Wednesday, July 28, 2010

Christmas in July: Santa's Slay (2005)

The horror in Santa's Slay is so cartoonish that it barely qualifies as a horror movie at all, and the presence of professional wrestler Bill Goldberg as the evil Santa pretty much guarantees the movie will be an exercise in camp. Luckily, writer-director David Steiman (Brett Ratner's former assistant, with his ex-boss on board as producer) understands this, and he drenches the movie in self-awareness and mockery. It's certainly not the most sophisticated humor, and the writing isn't clever enough to make up for the overall dopiness of the concept. But the extremely brief (less than 80 minutes) movie is a breeze to watch because it doesn't have a single moment of taking itself seriously.

Steiman sets the tone right away in an opening scene that is the embodiment of a producer calling in favors: James Caan, Fran Drescher, Chris Kattan and Rebecca Gayheart have brief cameos as members of an obnoxious wealthy family who become the first victims of the homicidal Santa, who has apparently been released from a thousand-year-old curse. See, in this world Santa is actually the son of Satan, and he used to commemorate Christmas every year with a day of slaughter, until an angel tricked him into agreeing to spend a thousand years bringing the world joy instead of death. Now those years are up, and Santa is ready once again to go on a Christmas killing spree.

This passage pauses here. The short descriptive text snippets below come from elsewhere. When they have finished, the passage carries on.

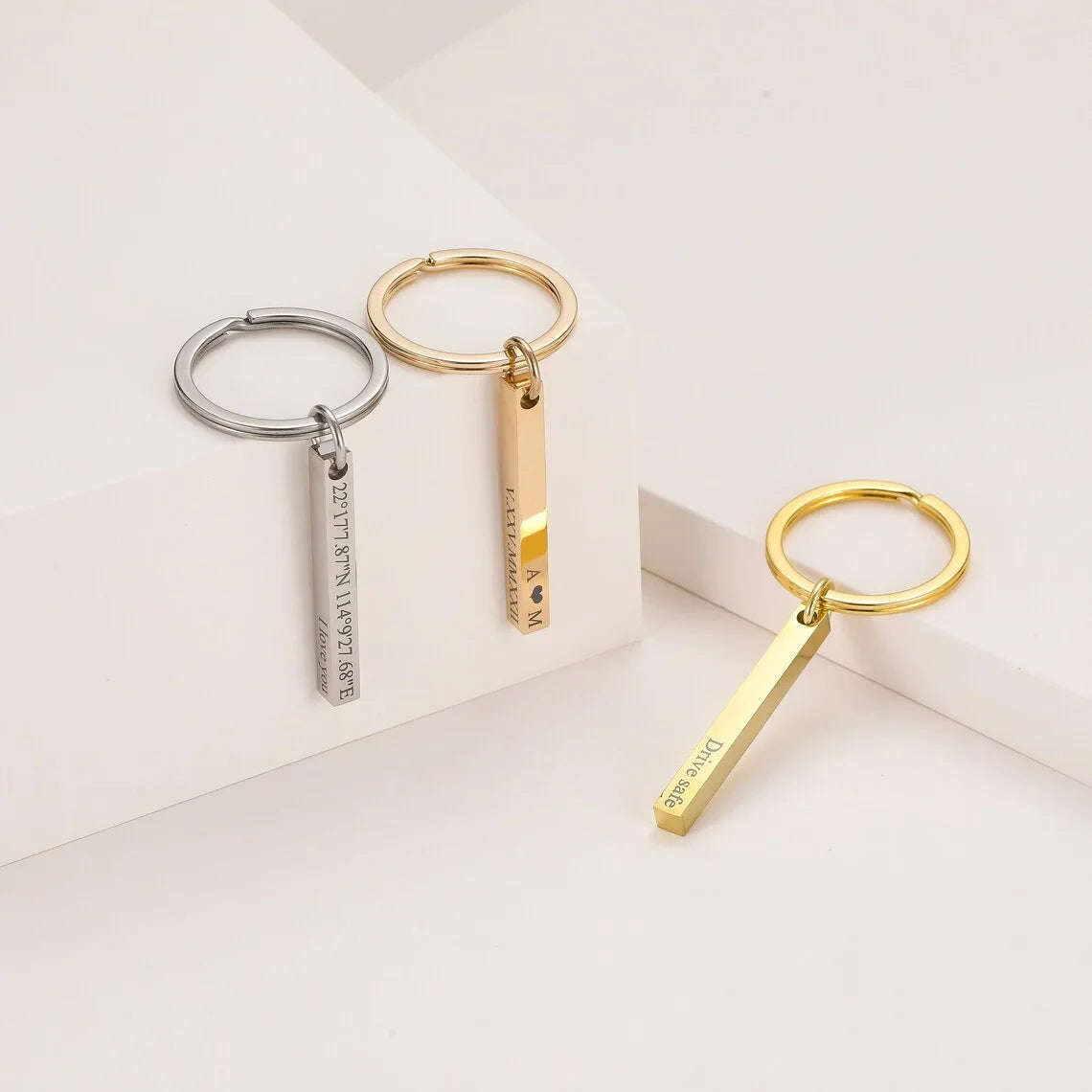 Personalized Engraved Bar Keychain Stainless Steel Four Side Coordinates Keyring Custom 3D Bar Key Chains Women Men Gift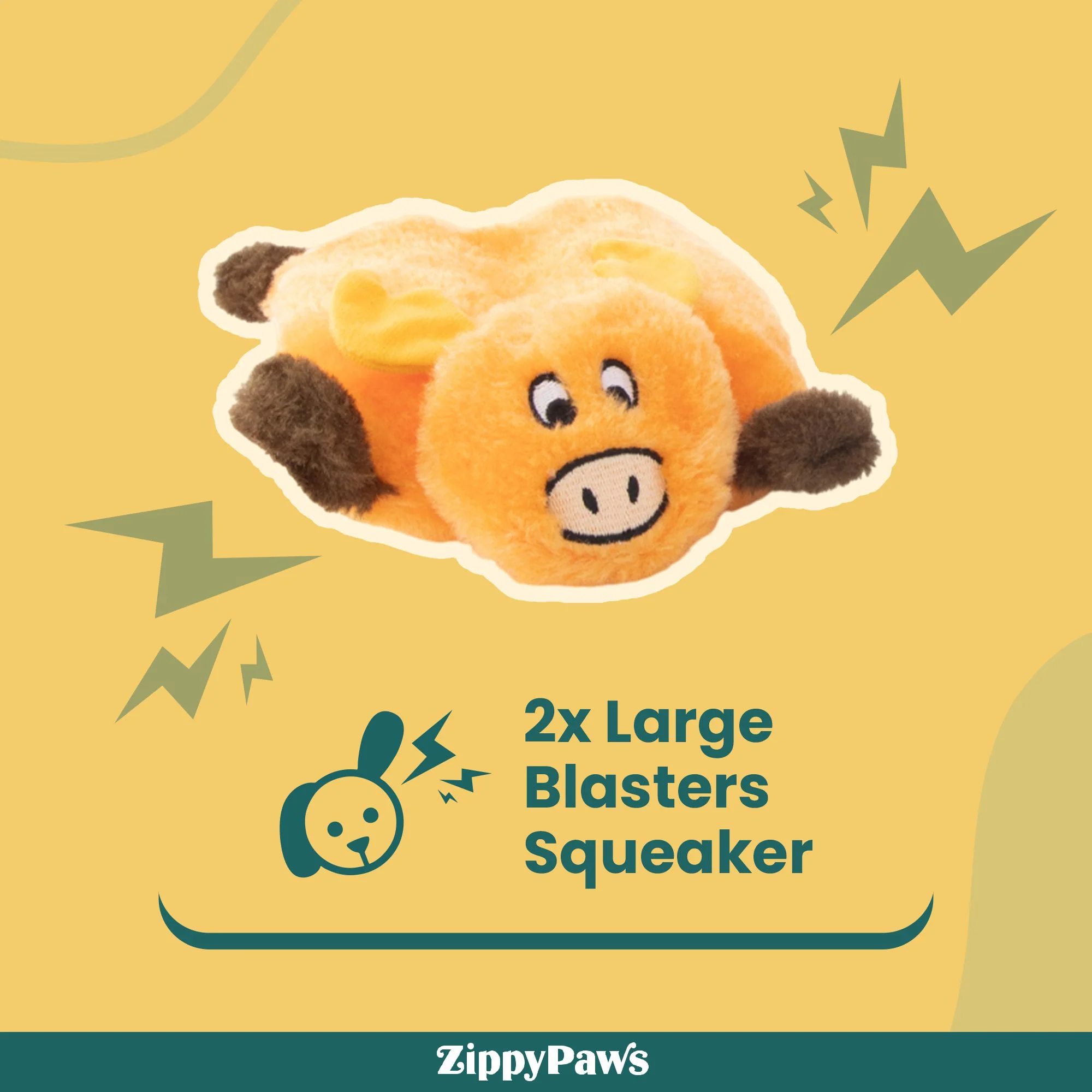 Zippy Paws Squeakie Pads Bear & Moose Plush Toy for Dogs - Image 4
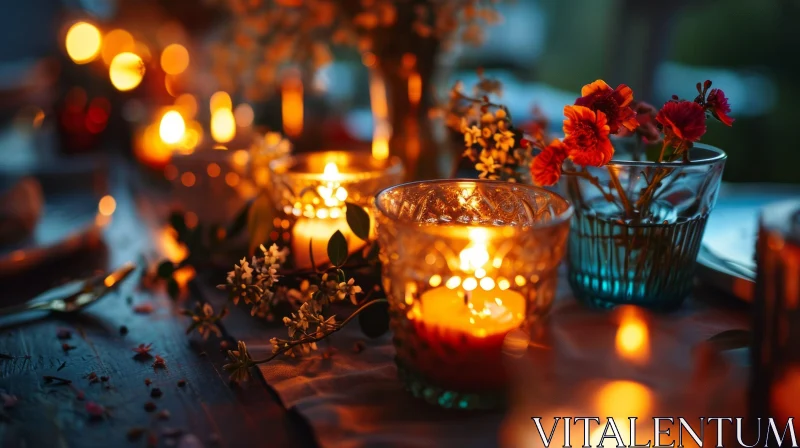 Romantic Dinner Table Setting with Candles and Flowers AI Image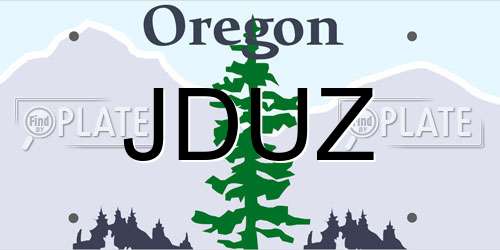 JDUZ Oregon License Plate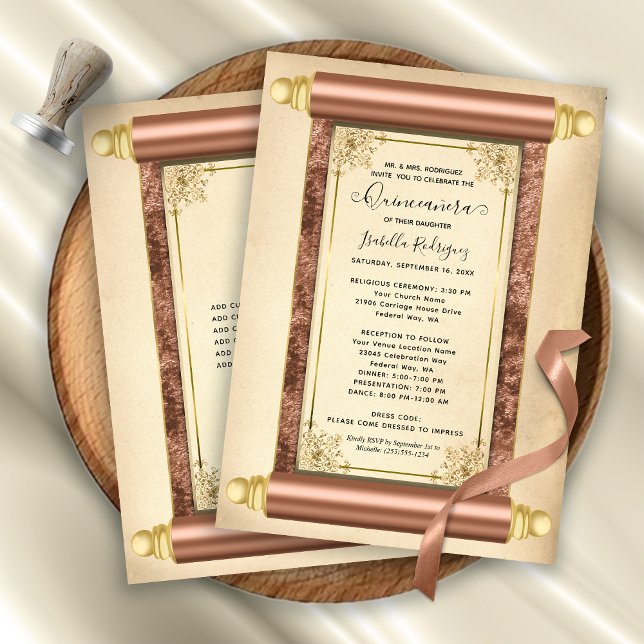 Vintage Guld Rulla Elegant Quinceañera Inbjudningar (Vintage Rose Gold Scroll Elegant Quinceañera Invitation)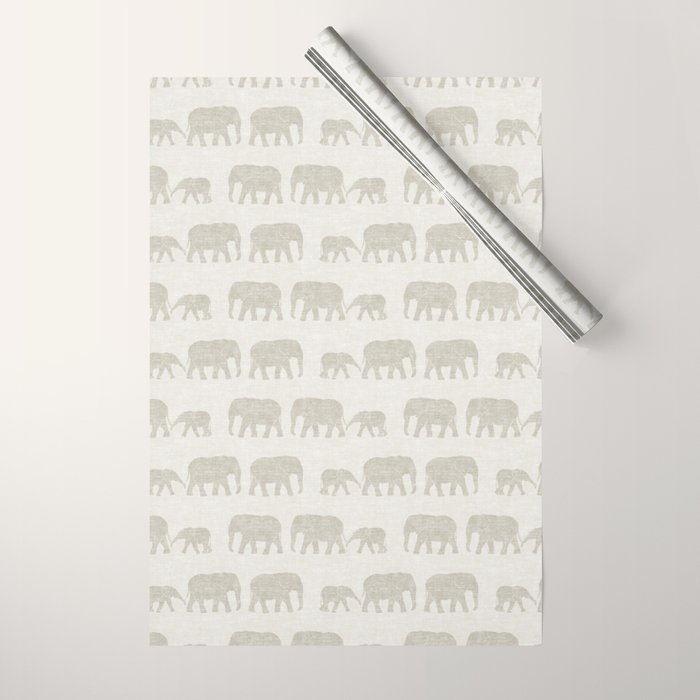 elephant march - beige Wrapping Paper Gallery Image 1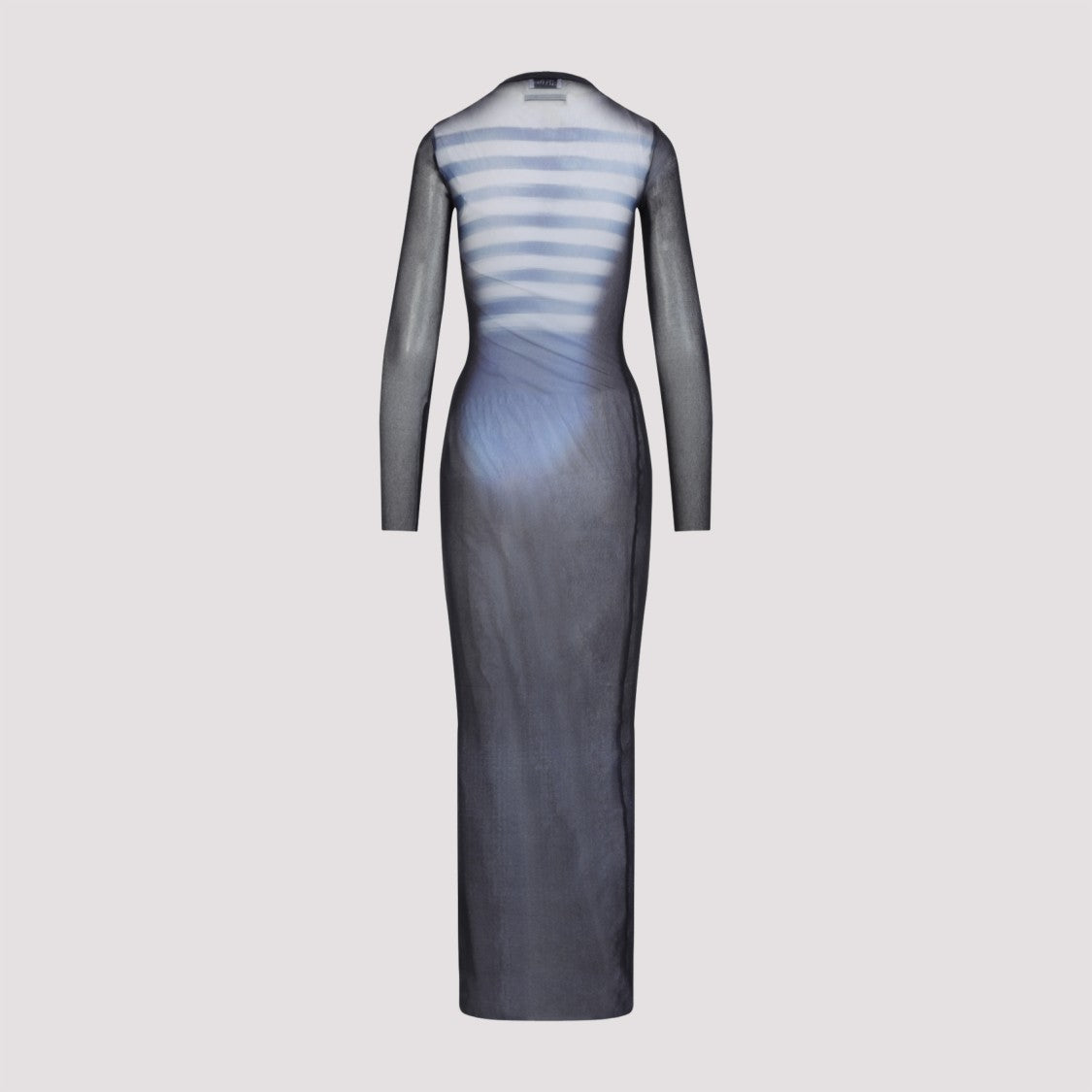 Jean Paul Gaultier Le Mâle Printed Blue Tulle Crewneck Maxi Dress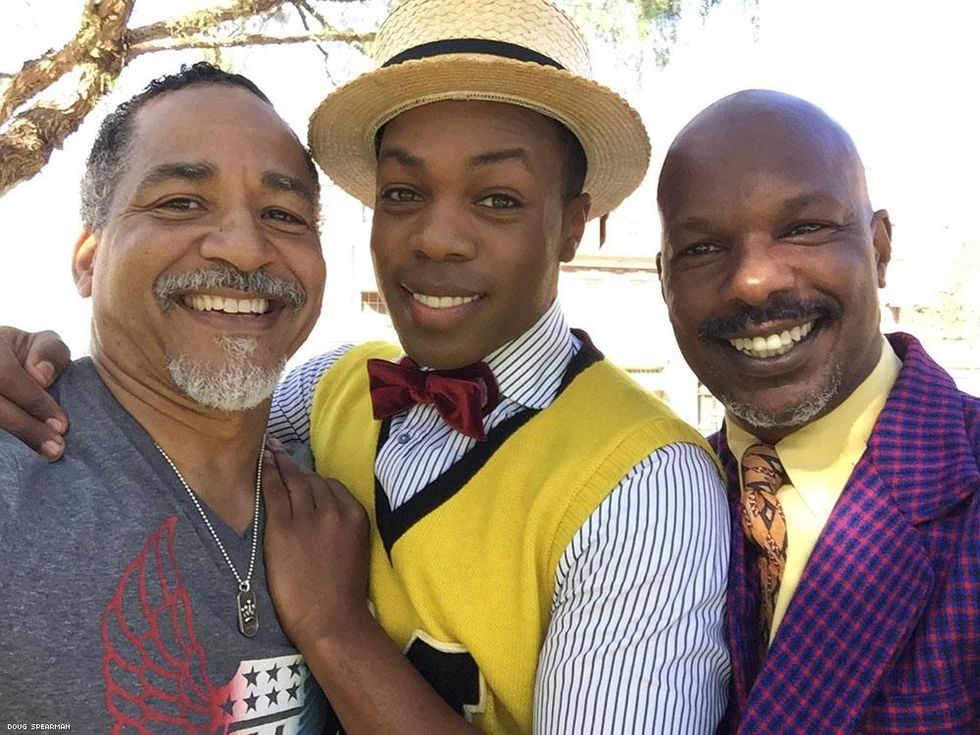 Scotch Ellis Loring, Todrick Hall, and Doug Spearman on the set of Hall's video, "Forbidden".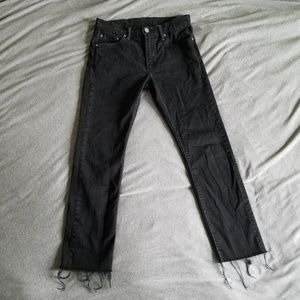 Levi's 510 Black Raw Hem Crop Straight Leg Jeans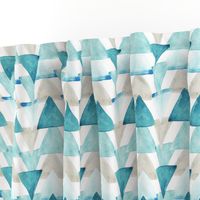 Teal Watercolor Triangles 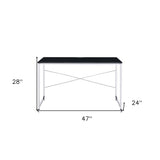 47" White and Silver Writing Desk
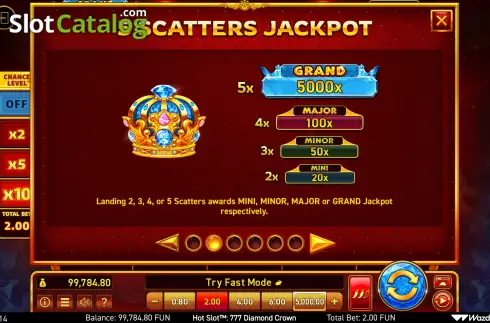Скрин8. Hot Slot: 777 Diamond Crown слот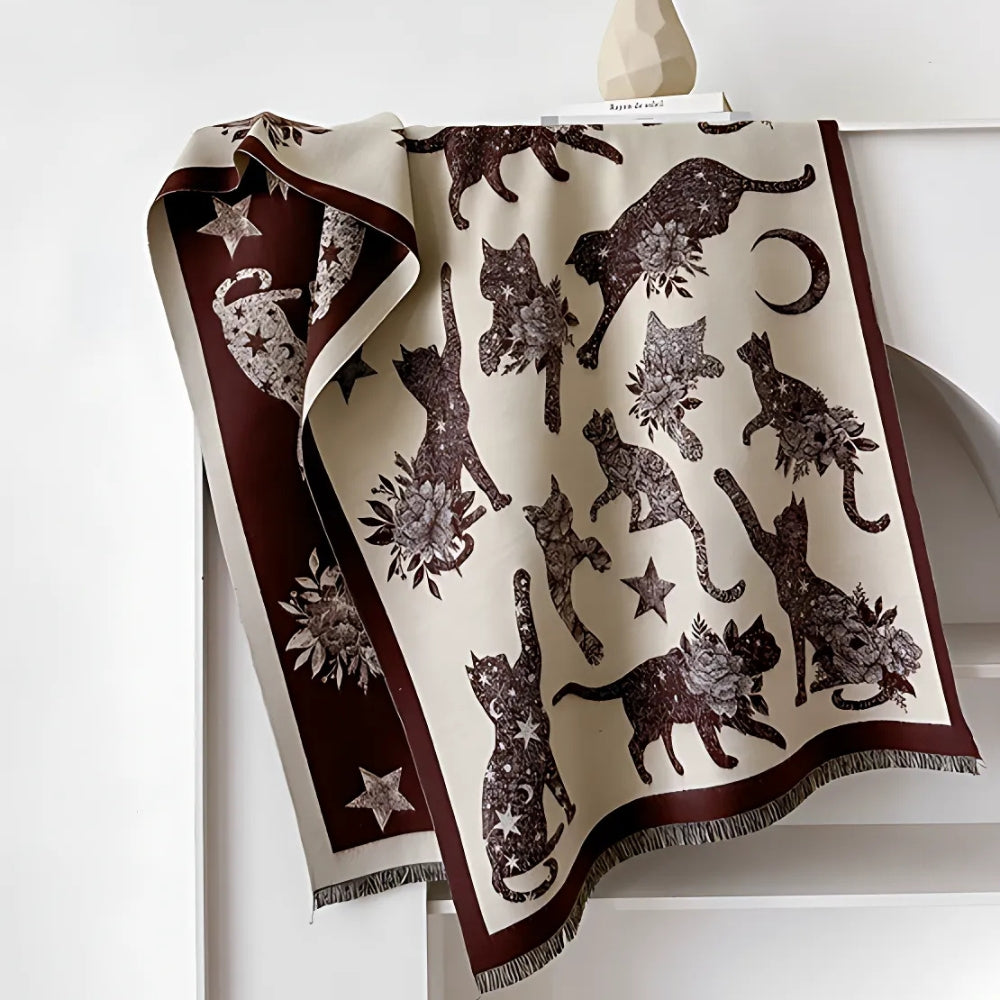 Cozy Soft Microfiber Cat Print Scarf (Machine Washable)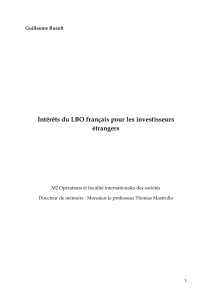 Intérêts du LBO français pour les investisseurs étrangers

Which he naturally decides to do in a small freezing town in Canada, where the actual stars of the movie (including Robert Culp in his second-to-last onscreen appearance and Lost's Emilie de Ravin) are minding their own business. Culp's quirky grandpa knows the truth about Santa, though, and he educates his grandson and his grandson's girlfriend in how to defeat the one-liner-spouting psychopath. It's all pretty much as over-the-top as it can be, including a big showdown between Santa and grandpa that involves curling. There's a "reindeer" that looks like some sort of mutant yak, exploding Christmas presents, and the requisite scene in a strip club to fill the nudity quotient. But everyone clearly knows how silly it all is, and the actors play up the ridiculousness accordingly. There's even a little animated sequence about Santa's origin that uses stop-motion animation à la old Rankin-Bass Christmas specials. Santa's Slay never quite lives up to the giddy promise of that first scene, but for a movie starring a pro wrestler as Santa on a killing spree, it's about as entertaining as you could hope for.

The True Meaning of Christmas: Even Santa hates it.